Python package to download and filter GenBank database based on taxonomy

Project description

Taxonize_genbank

PyPI - Downloads

Taxonize_genbank is a Python package designed to simplify the process of downloading, filtering, and curating GenBank's non-redundant protein and nucleotide databases based on taxonomy IDs (TaxIDs) and/or specific keywords.
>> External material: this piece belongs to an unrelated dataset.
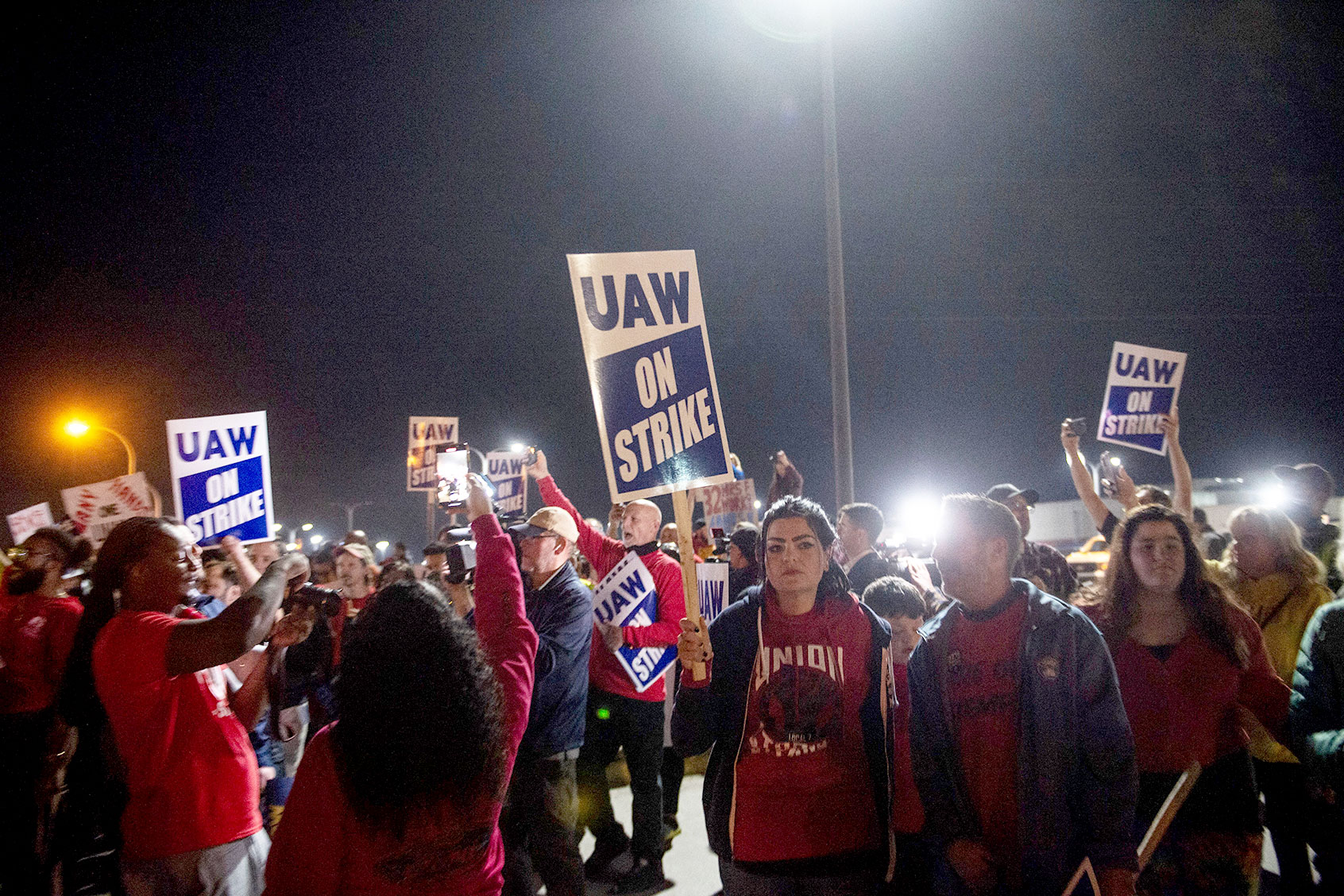 Members of the UAW (United Auto Workers) picket and hold signs outside of the UAW Local 900 headquarters across the street from the Ford Assembly Plant in Wayne, Michigan on September 15, 2023. (MATTHEW HATCHER/AFP via Getty Images)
This tool is particularly useful for researchers working with large-scale genomic datasets who need to extract specific subsets of data.

The tool supports advanced filtering options, allowing users to:

  • Include Multiple TaxIDs: Extract sequences associated with multiple taxa by specifying a list of TaxIDs.
  • Exclude Specific TaxIDs: Remove unwanted or contaminant taxa from the dataset during filtering.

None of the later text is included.